We conducted focus groups among suburban NOVA and Richmond Biden voters to
understand why they swung to Youngkin or seriously considered doing so. A few things
stood out to us about these voters, where our national and Virginia problems
compounded each other to swing the state to Republicans:
National Challenges

  1. Our weak national brand left us vulnerable. Voters couldn’t name anything
    that Democrats had done, except a few who said we passed the infrastructure
    bill. That bill didn’t overcome their opinions that we have spent the last year
    infighting and careening from crisis to crisis.

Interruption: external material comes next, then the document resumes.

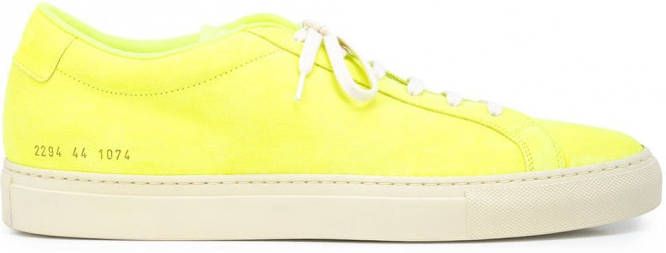 Common Projects Achilles sneakers Geel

  2. Voters are unhappy with the direction of the country and don’t think we get
    it. They aren’t hearing solutions from us, they don’t think we’re doing anything to
    address the big issues (lack of workers + rising prices), and in general they just
    aren’t seeing the smoother ride they thought they’d get after having voted out
    Trump.
  3. Voters believe the economy is bad, and no amount of stats can change
    their mind (at least in the short term). Jobs numbers, wage numbers, and the
    number of people we’ve put back to work don’t move them. We should still talk
    about these (more the wage and back-to-work numbers), but we should realize
    that they will have limited impact when people are seeing help wanted signs all
    over main street, restaurant sections closed for lack of workers, rising prices, and
    supply disruptions. Even where things are getting better, Biden doesn’t get credit.
  4. Voters think we are focused on social issues, not the economy. They aren’t
    hearing us talk about the economy enough, and the things they are hearing
    about our agenda (people mentioned the child tax credit, paid leave, free college)
    don’t have to do with getting people back to work or taking on the cost of goods.
    That’s deadly in an environment when it’s the top issue.